● **WHAT THE TASK ASKS**: The whole listing below must be printed again exactly, images excluded.

+ + + + +

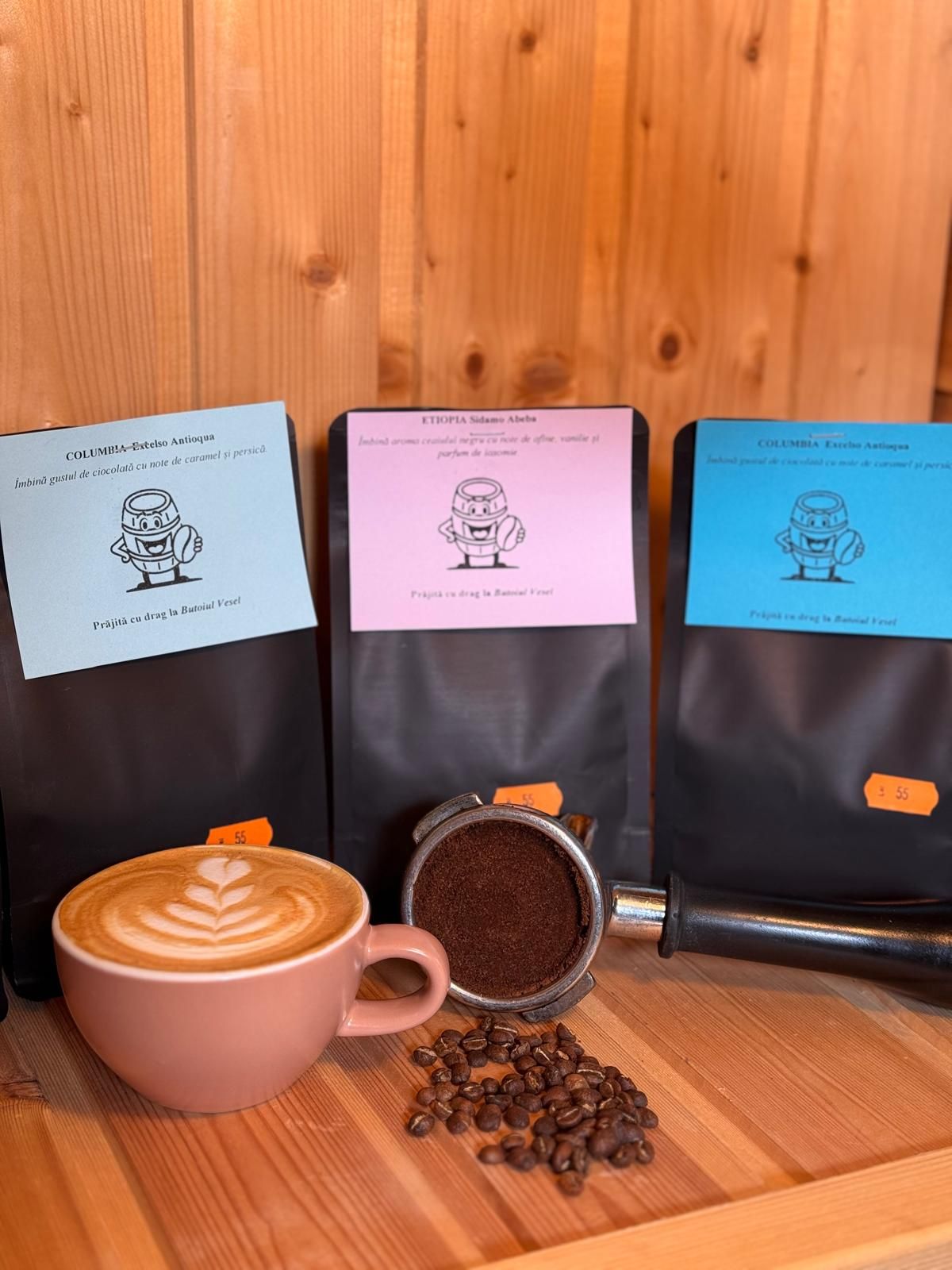 Cafetieră cu trei pungi de cafea, o ceșcă de cafea cu lapte și boabe de cafea pe o masă din lemn.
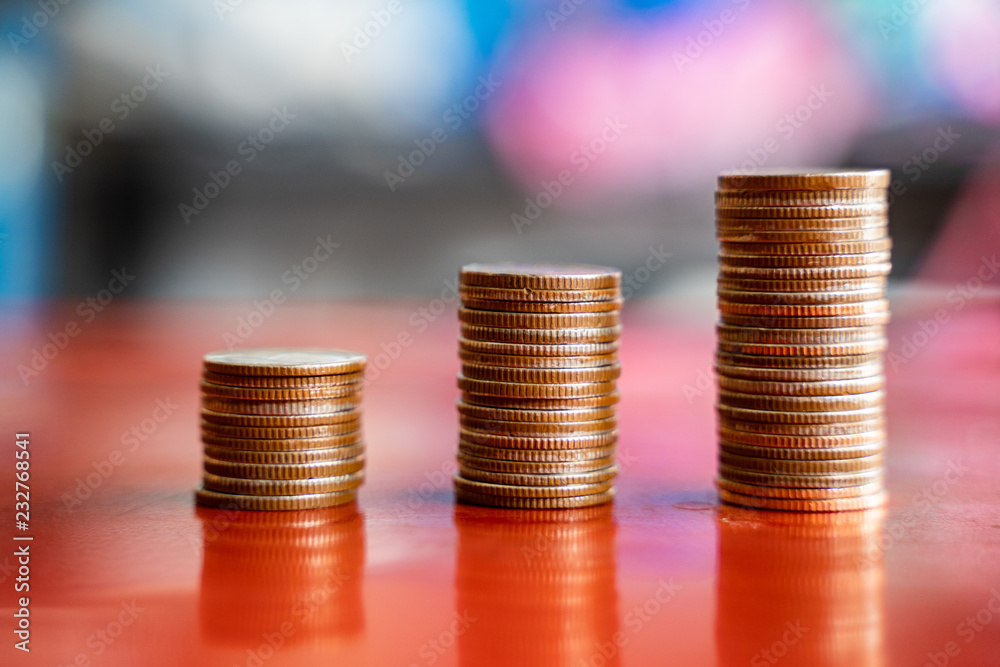 step of coins stacks, saving and investment or family planning concept, motion blured background. step of coins stacks, saving and investment or family planning concept, motion blured background.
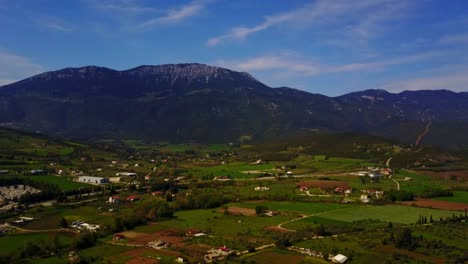 Scenic-Aerial-Shot-of-Latsoudi-and-Landscape-Along-Road-EO48-near-Livadias-Amfissas-Expressway-in-Greece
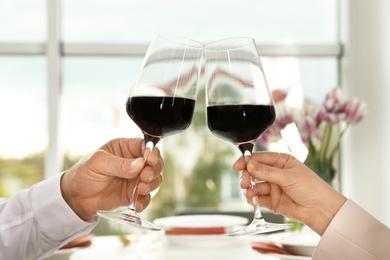 People with glasses of wine on blurred background, closeup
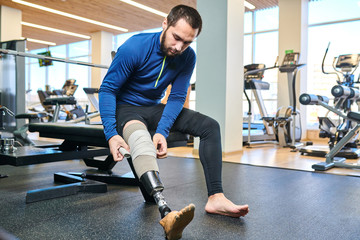 Handsome bearded athlete sitting and bandaging his leg before training in fitness club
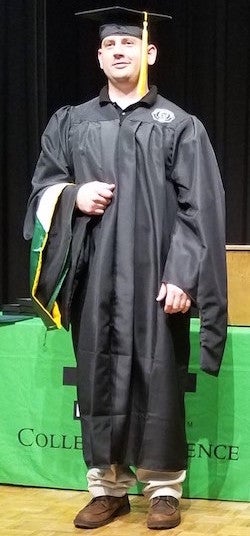 Professor Lawrence places a graduation hood on a student.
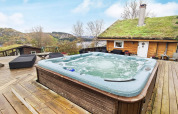 Vasca idromassaggio all’aperto su terrazza in legno presso un lodge con tetto erboso vicino a Tau, Danimarca.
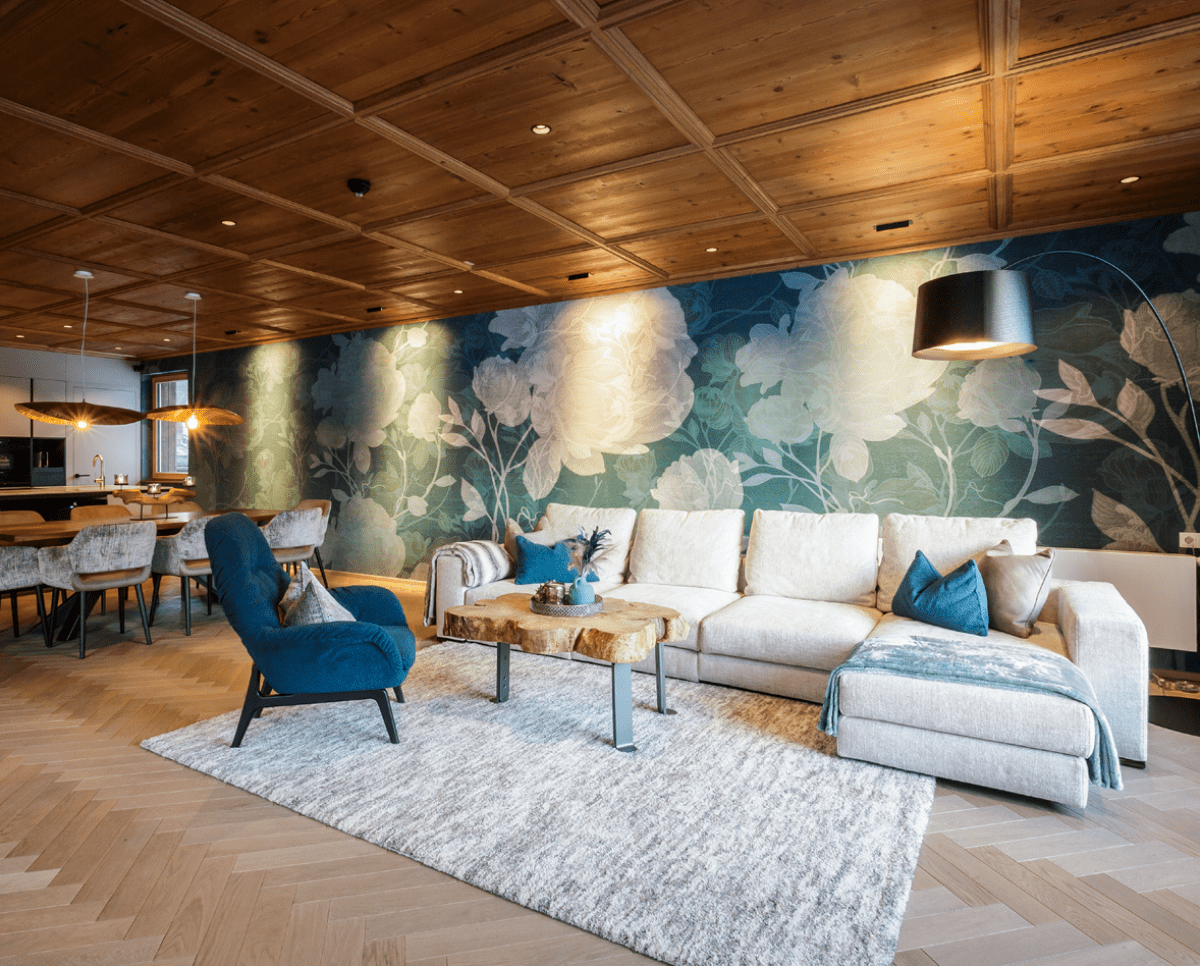 Helle Wohnlandschaft in modernem Wohnzimmer mit Blumentapete, Holzdecke und verschiedenen blauen Textilelementen.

+ + + + +

● **WRITTEN ANSWER**:
 Cafetieră cu trei pungi de cafea, o ceșcă de cafea cu lapte și boabe de cafea pe o masă din lemn.
 step of coins stacks, saving and investment or family planning concept, motion blured background. step of coins stacks, saving and investment or family planning concept, motion blured background.
 Scenic-Aerial-Shot-of-Latsoudi-and-Landscape-Along-Road-EO48-near-Livadias-Amfissas-Expressway-in-Greece
 People with glasses of wine on blurred background, closeup
 Handsome bearded athlete sitting and bandaging his leg before training in fitness club
 Professor Lawrence places a graduation hood on a student.
 Vasca idromassaggio all’aperto su terrazza in legno presso un lodge con tetto erboso vicino a Tau, Danimarca.
 Helle Wohnlandschaft in modernem Wohnzimmer mit Blumentapete, Holzdecke und verschiedenen blauen Textilelementen.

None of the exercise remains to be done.